Today I was DT for a brief event, used the Monroe Center structure. Decided to take a look into the parking challenge.

 

You assume that someone would be parked on that floor. If you park on any floor other than the 1st floor, you'd most likely take the stairs or elevator down to the ground floor, where the sign to Monroe Center via that hallway would not be visible.

 

I'm not sure why people continue to fight the "ease of use" theory. It's almost comical. If you make parking any harder, you'd have a trifecta (inferior product, high price, more complicated).

 

I was in Ann Arbor this past week, a place where you would think they'd have a mad hatred for the "common man" and his paltry parking needs and use of the dreaded automobile. Instead, about every 4 parking meters had an e-park machine where you could pay for your meter using a debit card.
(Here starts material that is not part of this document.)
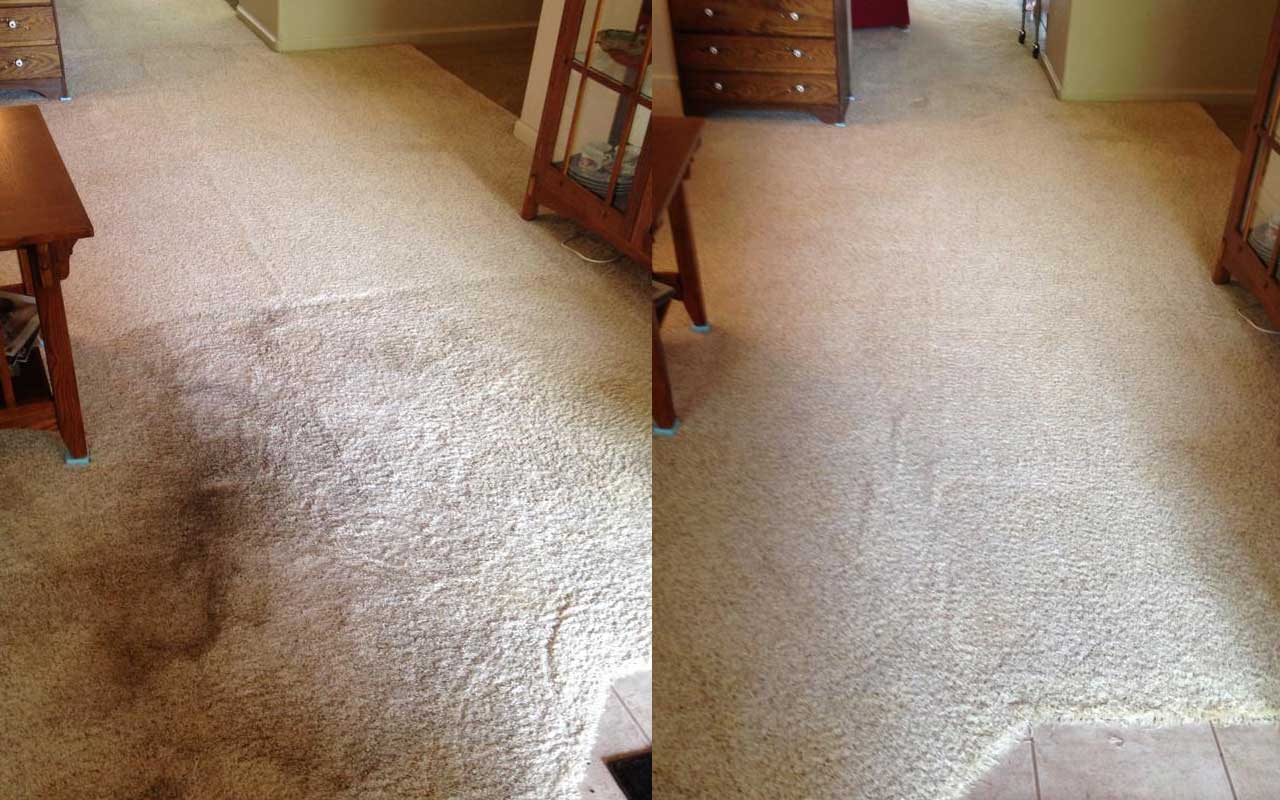 Carpet Before & After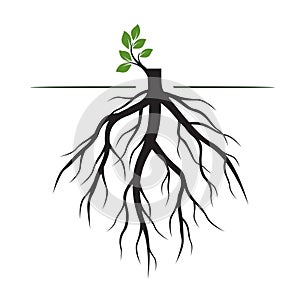 Tree Roots and germinate limb. Roots of plants. Vector Illustration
No need to sign up for a ParkMobile account (you could sign up for e-park if you wanted to, but I was just there for the day and downtown for 2 hours), no need to fish for coins, nothin. You also got a receipt that allowed you to renew your parking at any e-park machine.

 

What would make that system even better would be to ask the user to enter their mobile number, send them a text when parking was almost expired, and allow people to just click "Y" if they wanted to renew. ParkMobile is great, but it makes you wait until your time expires, and you have to call back in to the system to start a new parking session. I actually got a ticket in the 1 minute between sessions and fought it (and won).